- Born: 1953 (age 72–73)
- Education: Northwestern University Yale University

= Lee Edelman =

American literary critic and academic

Lee Edelman (born 1953) is an American literary critic and academic. He is a professor of English at Tufts University. He is the author of several books.

==Early life==
Lee Edelman was born in 1953. He graduated with a Bachelor of Arts degree from Northwestern University, and he received an MA, MPhil, and PhD from Yale University.

==Career==
Edelman began his academic career as a scholar of twentieth-century American poetry. He has since become active in the field of queer theory, exploring the intersections of sexuality, rhetorical theory, cultural politics, and film. At Tufts University, he holds an appointment as the Fletcher Professor of English Literature and has served as the Chair of the English Department.

He gained international recognition for his books about queer theory, post-structuralism, psychoanalytic theory, and cultural studies. His first book, Transmemberment of Song: Hart Crane's Anatomies of Rhetoric and Desire, is a critique of Hart Crane's poetry. His second book, Homographesis: Essays in Gay Literary and Cultural Theory, explores the significance of gay literature. His third book, No Future: Queer Theory and the Death Drive, is a post-Lacanian analysis of queer theory. He co-wrote Sex, or the Unbearable with Lauren Berlant. His fourth solo book, Bad Education: Why Queer Theory Teaches Us Nothing, rejects the Lacanian conception of education and instead pursues a different queer pedagogy.

Edelman's work has been contentious in queer theory, with José Esteban Muñoz's Cruising Utopia polemicizing against his "queer negativity." A 2005 Modern Language Association conference held a special symposium on the subject, with participants Robert L. Caserio, Lee Edelman, Jack Halberstam, José Esteban Muñoz, and Tim Dean debating the utility of the critique of reproductive futurism.
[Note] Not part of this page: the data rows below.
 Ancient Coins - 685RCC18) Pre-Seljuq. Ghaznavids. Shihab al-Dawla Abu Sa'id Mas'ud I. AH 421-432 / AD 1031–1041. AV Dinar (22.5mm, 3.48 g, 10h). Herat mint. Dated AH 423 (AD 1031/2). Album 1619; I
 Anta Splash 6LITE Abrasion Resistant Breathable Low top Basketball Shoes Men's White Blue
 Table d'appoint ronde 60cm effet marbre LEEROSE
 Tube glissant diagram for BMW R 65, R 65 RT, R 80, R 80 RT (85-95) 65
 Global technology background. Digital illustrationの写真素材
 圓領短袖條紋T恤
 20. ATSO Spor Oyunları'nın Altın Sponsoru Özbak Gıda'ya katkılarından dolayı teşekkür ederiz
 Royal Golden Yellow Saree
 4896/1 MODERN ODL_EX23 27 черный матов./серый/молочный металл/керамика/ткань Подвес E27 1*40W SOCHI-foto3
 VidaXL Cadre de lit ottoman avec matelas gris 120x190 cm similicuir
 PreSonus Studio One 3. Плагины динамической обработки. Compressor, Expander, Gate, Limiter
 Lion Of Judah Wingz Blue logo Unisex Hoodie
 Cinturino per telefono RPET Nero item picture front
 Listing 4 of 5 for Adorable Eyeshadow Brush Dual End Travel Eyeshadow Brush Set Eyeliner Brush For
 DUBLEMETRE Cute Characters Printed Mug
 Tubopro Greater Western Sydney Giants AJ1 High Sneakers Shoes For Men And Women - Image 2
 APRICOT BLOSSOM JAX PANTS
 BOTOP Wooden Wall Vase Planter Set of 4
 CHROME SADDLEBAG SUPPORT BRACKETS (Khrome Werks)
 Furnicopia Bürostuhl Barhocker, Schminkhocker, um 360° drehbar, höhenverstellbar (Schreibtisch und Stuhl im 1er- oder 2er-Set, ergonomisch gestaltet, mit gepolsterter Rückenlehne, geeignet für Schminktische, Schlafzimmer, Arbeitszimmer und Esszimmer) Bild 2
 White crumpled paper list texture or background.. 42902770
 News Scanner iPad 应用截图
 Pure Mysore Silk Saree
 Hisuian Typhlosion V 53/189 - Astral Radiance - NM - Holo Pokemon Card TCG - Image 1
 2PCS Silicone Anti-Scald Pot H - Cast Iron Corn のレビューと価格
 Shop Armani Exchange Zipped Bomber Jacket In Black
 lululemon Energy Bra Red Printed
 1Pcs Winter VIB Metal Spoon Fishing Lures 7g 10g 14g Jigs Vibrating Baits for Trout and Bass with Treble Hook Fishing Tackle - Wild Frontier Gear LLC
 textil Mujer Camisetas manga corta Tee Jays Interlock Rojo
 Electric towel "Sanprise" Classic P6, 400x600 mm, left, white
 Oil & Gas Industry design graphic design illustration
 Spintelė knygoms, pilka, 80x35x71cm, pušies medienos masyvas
He was the co-founding editor of Duke University Press's Theory Q series in 2014, and remains a series editor.

==Personal life==
Edelman is married to critic and English professor Joseph Litvak.

==Bibliography==

=== Books ===
- "Transmemberment of Song: Hart Crane's Anatomies of Rhetoric and Desire" (1987)
- "Homographesis: Essays in Gay Literary and Cultural Theory" (1994)
- "No Future: Queer Theory and the Death Drive" (2004)
- "Sex, or the Unbearable" (2014)
- "Bad Education: Why Queer Theory Teaches Us Nothing" (2022)

=== Selected articles ===
- "An Ethics of Desubjectivation?" (2016)
- "Learning Nothing: Bad Education" (2017)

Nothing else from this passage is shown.